All that’s left is pleading for mercy

  • November 9, 2023

Misericordia! I feel this word as a deep cry from my soul in response to these troubled times of unspeakable horror.

Pope Francis in addressing the National Confederation of the ‘Misericordie’ of Italy said, “This word misericordia — mercy — is a Latin word whose etymological meaning is ‘miseris cor dare,’ to ‘give the heart to the wretched,’ those in need, those who are suffering.”

This column is a pleading cry to all of you caught up in the many and varied downward spirals swallowing so much of our human family and mother earth with ugliness and death: Mercy! Give your heart to those who are suffering.

I know there are good reasons to be seduced by the power that violence promises us. I do not condemn the vengeful beasts who are born when their loved ones are maimed and killed. I do not condemn the righteous rage of those who suffer lifetimes of oppression. I do not condemn those who fear for their lives and who say, “I am doing this to survive.” I do not condemn those who say, “choose a side and pick up your weapon.”

I do not condemn, because I have done those things. I do those things. I do not condemn because, as the compendium of the Church’s social doctrine says, “at the root of personal and social divisions, which in differing degrees offend the value and dignity of the human person, there is a wound which is present in humanity’s innermost self.”

This wound, which belongs not only to you but to all of humanity, is why you have picked up that gun. It is why you have dropped that bomb. It is why you have spoken or written those words.  All these things have the power to make that wound feel better, like a balm.

I have felt it myself. Violence can be very empowering. It is precisely why it is so hard to resist. When you embrace violence, the immediate effect is that you do not feel like a victim. You are no longer the poor or the wretched. You are no longer the violated or the aggrieved. You are the power.

To you, the wounded spirit of these evil times, I say: “You are the power. I am not. I cannot slay and destroy you. Please. Mercy.”

This is truly my feeling. I have no defiant words that good will overcome evil. I don’t feel like writing well-researched arguments for one side or another in this conflict or that one. I don’t feel like making vague appeals for peace. I don’t want to go to protests or counter-protests. I do not feel like insisting that justice will prevail. Things have reached a point in the world that all I can do with any sense of authenticity is plead to you for mercy.

It seems like such a pathetic position to be in when I reflect on it — a position without fortitude or courage.

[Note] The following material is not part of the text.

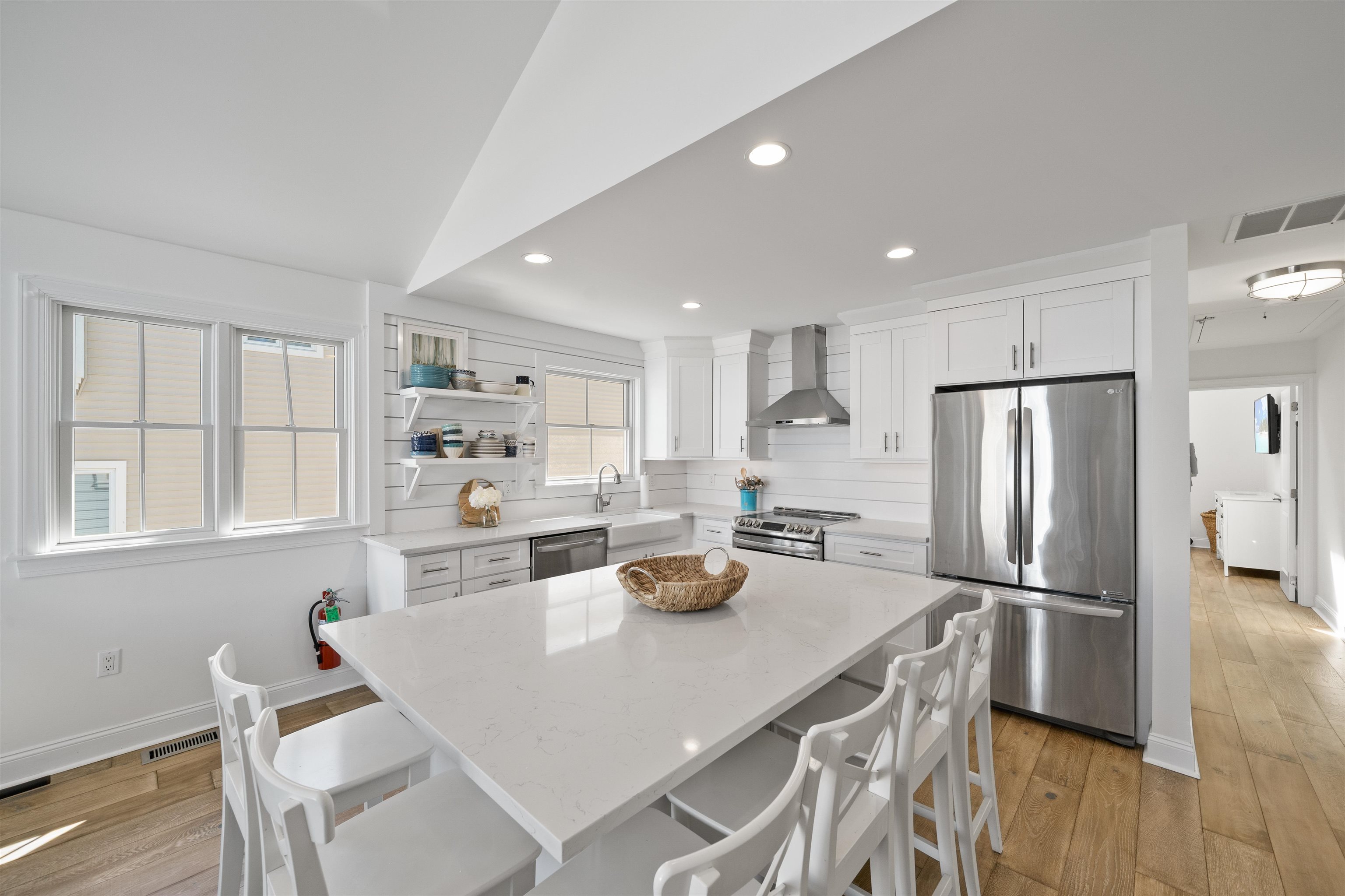 360 39th Street, Unit EAST Avalon, NJ 08202 - Photo 6 of 28 a kitchen with stainless steel appliances granite countertop a refrigerator a stove a sink a dining table and chairs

I find myself searching for some kind of redemptive dimension to it. There must be a theological perspective on such a feeling that could redeem it or reveal its wisdom. But nothing comes. Perhaps it is something that needs to be left to greater theologians than me.

Only you have the power to give your heart to the wretched. May God grant you the grace to hear my cry. Misericordia. Mercy.

(Stocking is Deputy Director of Public Awareness & Engagement, Ontario and Atlantic Regions, for Development and Peace.)